Garnier frères (p. 382-383).


LES DEUX MUSES


J’ai vu… oh ! dis-moi, était-ce le présent que je voyais, ou l’avenir ?… J’ai vu dans la lice la Muse allemande avec la Muse anglaise s’élancer vers une couronne.

À peine distinguait-on deux buts à l’extrémité de la carrière ; des chênes ombrageaient l’un ; autour de l’autre des palmiers se dessinaient dans l’éclat du soir[1].

Accoutumée à de semblables luttes, la muse d’Albion descendit fièrement dans l’arène, ainsi qu’elle y était venue ; elle y avait jadis concouru glorieusement avec le fils de Méon, le chantre du Capitole.

Elle jeta un coup d’œil à sa jeune rivale, tremblante, mais avec une sorte de noblesse, dont l’ardeur de la victoire enflammait les joues et qui abandonnait aux vents sa chevelure d’or.

Déjà elle retient à peine le souffle resserré dans sa poitrine ardente, et se penche avidement vers le but… La trompette déjà résonne à ses oreilles, et ses yeux dévorent l’espace.

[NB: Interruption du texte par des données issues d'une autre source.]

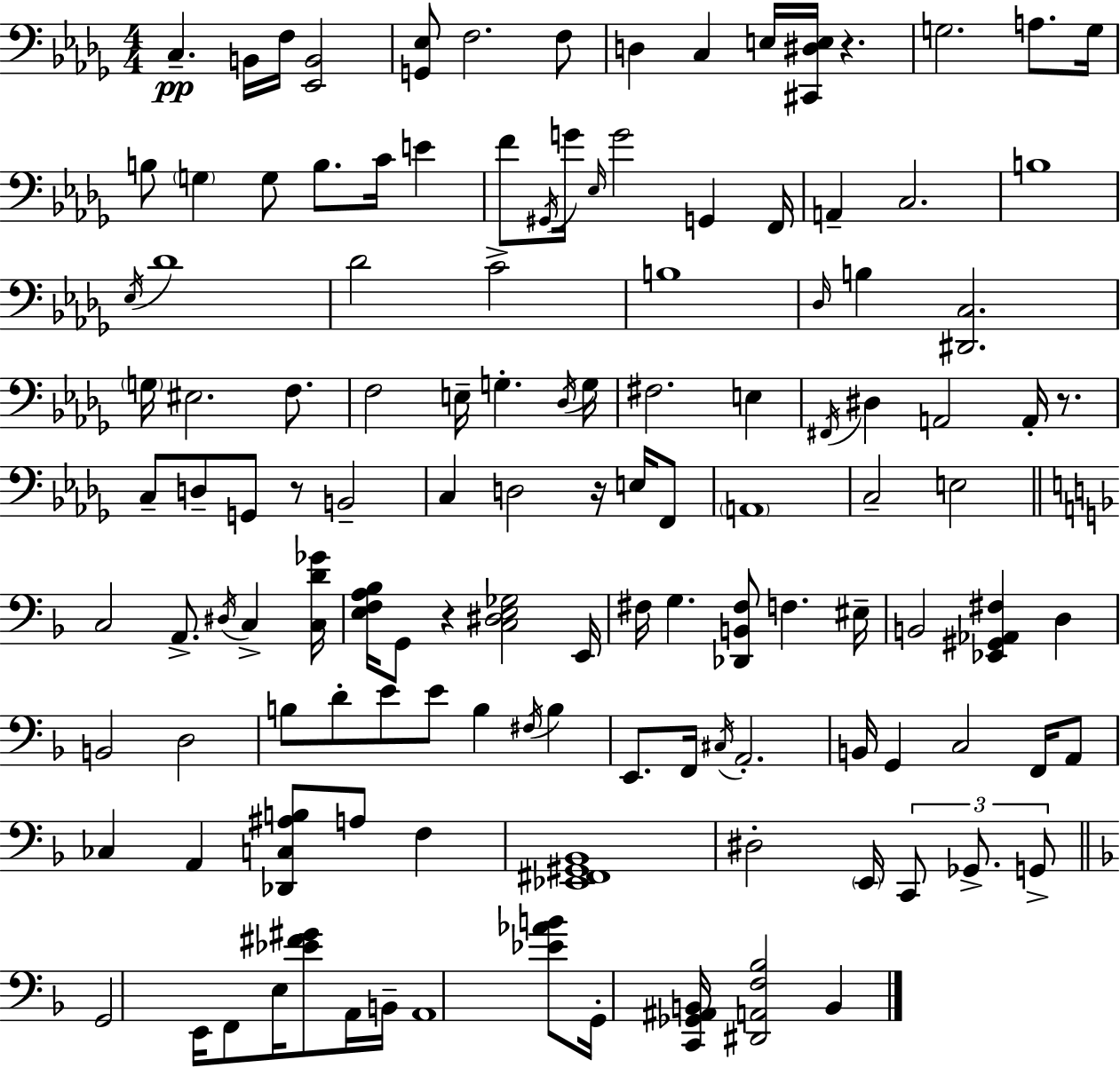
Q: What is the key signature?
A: BES minor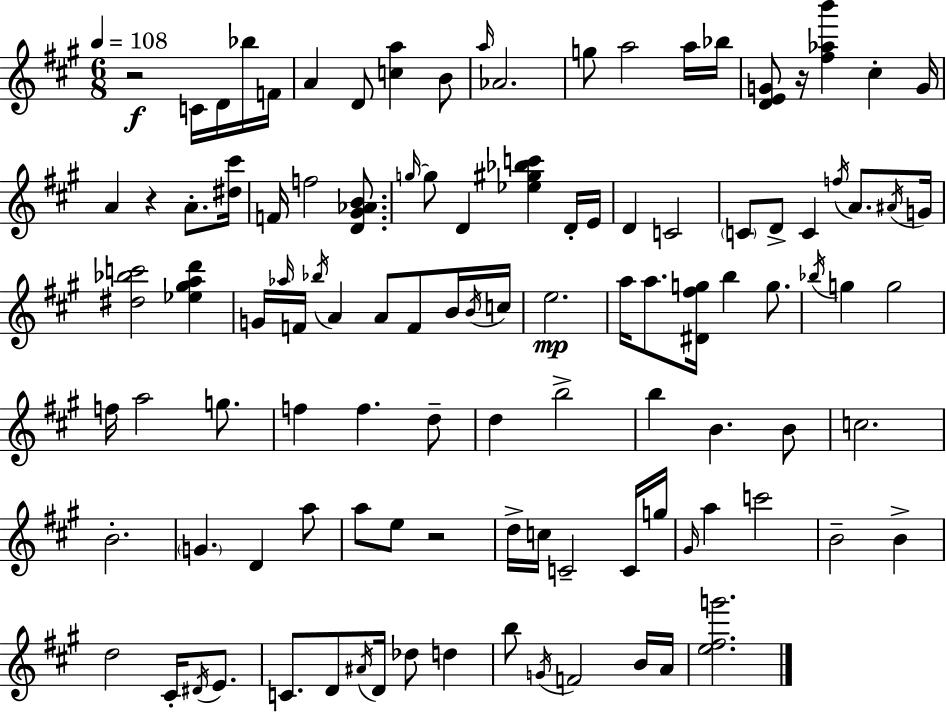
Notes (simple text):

R/h C4/s D4/s Bb5/s F4/s A4/q D4/e [C5,A5]/q B4/e A5/s Ab4/h. G5/e A5/h A5/s Bb5/s [D4,E4,G4]/e R/s [F#5,Ab5,B6]/q C#5/q G4/s A4/q R/q A4/e. [D#5,C#6]/s F4/s F5/h [D4,G#4,Ab4,B4]/e. G5/s G5/e D4/q [Eb5,G#5,Bb5,C6]/q D4/s E4/s D4/q C4/h C4/e D4/e C4/q F5/s A4/e. A#4/s G4/s [D#5,Bb5,C6]/h [Eb5,G#5,A5,D6]/q G4/s Ab5/s F4/s Bb5/s A4/q A4/e F4/e B4/s B4/s C5/s E5/h. A5/s A5/e. [D#4,F#5,G5]/s B5/q G5/e. Bb5/s G5/q G5/h F5/s A5/h G5/e. F5/q F5/q. D5/e D5/q B5/h B5/q B4/q. B4/e C5/h. B4/h. G4/q. D4/q A5/e A5/e E5/e R/h D5/s C5/s C4/h C4/s G5/s G#4/s A5/q C6/h B4/h B4/q D5/h C#4/s D#4/s E4/e. C4/e. D4/e A#4/s D4/s Db5/e D5/q B5/e G4/s F4/h B4/s A4/s [E5,F#5,G6]/h.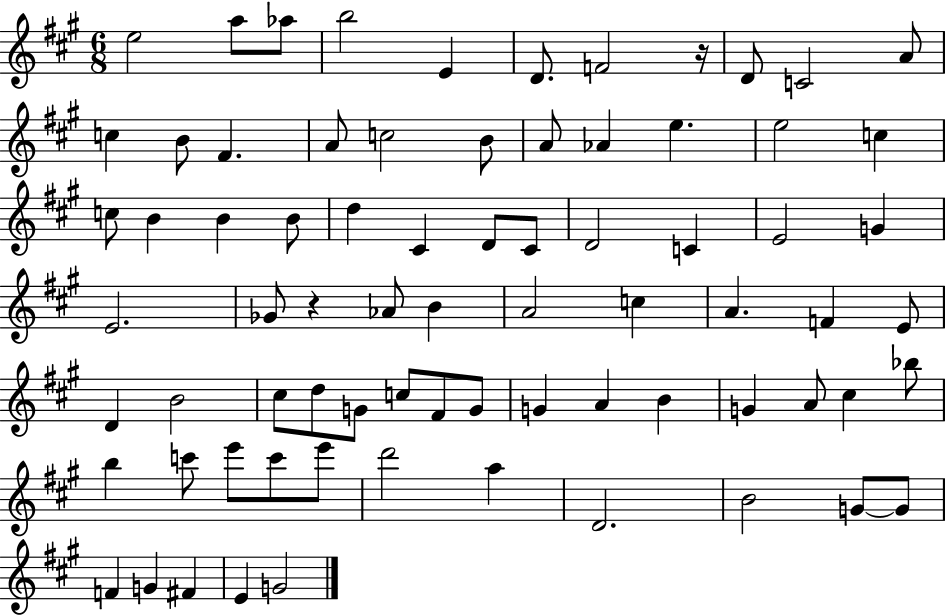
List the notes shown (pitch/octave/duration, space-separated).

E5/h A5/e Ab5/e B5/h E4/q D4/e. F4/h R/s D4/e C4/h A4/e C5/q B4/e F#4/q. A4/e C5/h B4/e A4/e Ab4/q E5/q. E5/h C5/q C5/e B4/q B4/q B4/e D5/q C#4/q D4/e C#4/e D4/h C4/q E4/h G4/q E4/h. Gb4/e R/q Ab4/e B4/q A4/h C5/q A4/q. F4/q E4/e D4/q B4/h C#5/e D5/e G4/e C5/e F#4/e G4/e G4/q A4/q B4/q G4/q A4/e C#5/q Bb5/e B5/q C6/e E6/e C6/e E6/e D6/h A5/q D4/h. B4/h G4/e G4/e F4/q G4/q F#4/q E4/q G4/h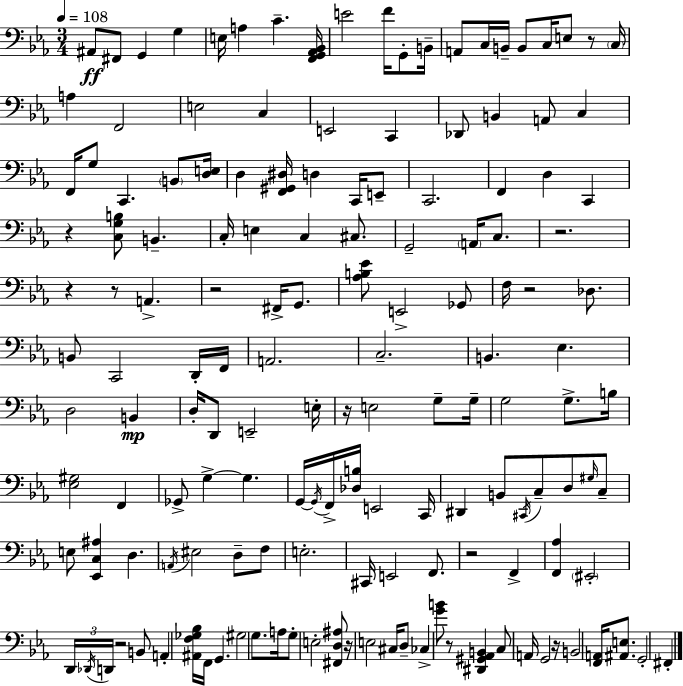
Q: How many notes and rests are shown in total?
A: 153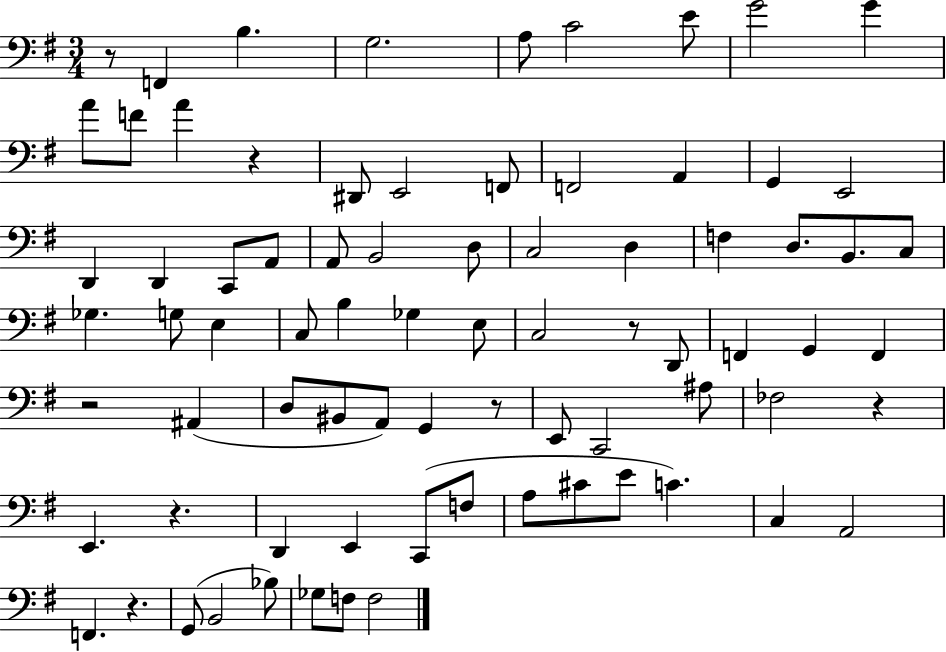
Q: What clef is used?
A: bass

Fière de sa rivale, plus fière d’elle-même, l’altière Bretonne mesure encore des yeux la fille de Thuiskon : « Je m’en souviens, dit-elle, je naquis avec toi chez les Bardes, dans la forêt sacrée ;

« Mais le bruit était venu jusqu’à moi que tu n’existais plus ; pardonne, ô Muse, si tu es immortelle, pardonne-moi de l’apprendre si tard ; mais au but j’en serai plus sûre. »

« Le voici là-bas !… Le vois-tu dans le lointain avec sa couronne ?… Oh ! ce courage contenu, cet orgueilleux silence, ce regard qui se fixe à terre tout en feu… Je le connais !

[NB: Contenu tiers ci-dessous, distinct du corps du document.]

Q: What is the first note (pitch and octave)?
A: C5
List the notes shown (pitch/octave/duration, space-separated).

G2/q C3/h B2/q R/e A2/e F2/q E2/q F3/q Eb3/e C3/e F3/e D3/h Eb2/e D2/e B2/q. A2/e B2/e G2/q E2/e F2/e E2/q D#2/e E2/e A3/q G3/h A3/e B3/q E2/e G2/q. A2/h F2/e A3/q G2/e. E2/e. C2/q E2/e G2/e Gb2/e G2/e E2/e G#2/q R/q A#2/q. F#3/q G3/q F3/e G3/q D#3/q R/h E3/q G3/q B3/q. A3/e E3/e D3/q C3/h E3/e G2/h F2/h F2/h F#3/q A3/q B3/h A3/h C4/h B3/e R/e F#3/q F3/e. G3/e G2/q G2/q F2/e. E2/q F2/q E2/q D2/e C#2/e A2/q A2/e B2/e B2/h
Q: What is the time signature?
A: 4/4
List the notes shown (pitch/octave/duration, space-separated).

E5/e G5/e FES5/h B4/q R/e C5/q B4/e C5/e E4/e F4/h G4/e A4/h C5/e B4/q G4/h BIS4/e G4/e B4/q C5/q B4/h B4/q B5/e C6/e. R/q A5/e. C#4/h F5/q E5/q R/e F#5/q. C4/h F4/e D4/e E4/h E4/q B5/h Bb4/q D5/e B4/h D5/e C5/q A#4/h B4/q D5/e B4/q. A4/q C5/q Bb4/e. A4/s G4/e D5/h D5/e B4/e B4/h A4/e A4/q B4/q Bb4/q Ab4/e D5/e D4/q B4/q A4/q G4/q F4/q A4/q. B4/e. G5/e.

« Cependant réfléchis encore avant que retentisse la trompette du héraut… C’est moi, moi-même qui luttais naguère avec la muse des Thermopyles, avec celle des sept collines ! »

Elle dit ; le moment suprême est venu, et le héraut s’approche : « Muse bretonne, s’écrie, les yeux ardents, la fille de la Germanie, je t’aime, oh ! je t’aime en t’admirant…

« Mais moins que l’immortalité, moins que la palme de la victoire ! Saisis-la avant moi, si ton génie le veut, mais que je puisse la partager et porter aussi une couronne.

« Et… quel frémissement m’agite ! Dieux immortels !… Si j’y arrivais la première à ce but éclatant,… alors, je sentirais ton haleine agiter de bien près mes cheveux épars. »

Le héraut donna le signal… Elles s’envolèrent, aigles rapides, et la poussière, comme un nuage, les eut bientôt enveloppées… Près du but, elle s’épaissit encore, et je finis par les perdre de vue.



  1. Le chêne est l’emblème de la poésie patriotique, et le palmier celui de la poésie religieuse qui vient de l’Orient. (Staël.)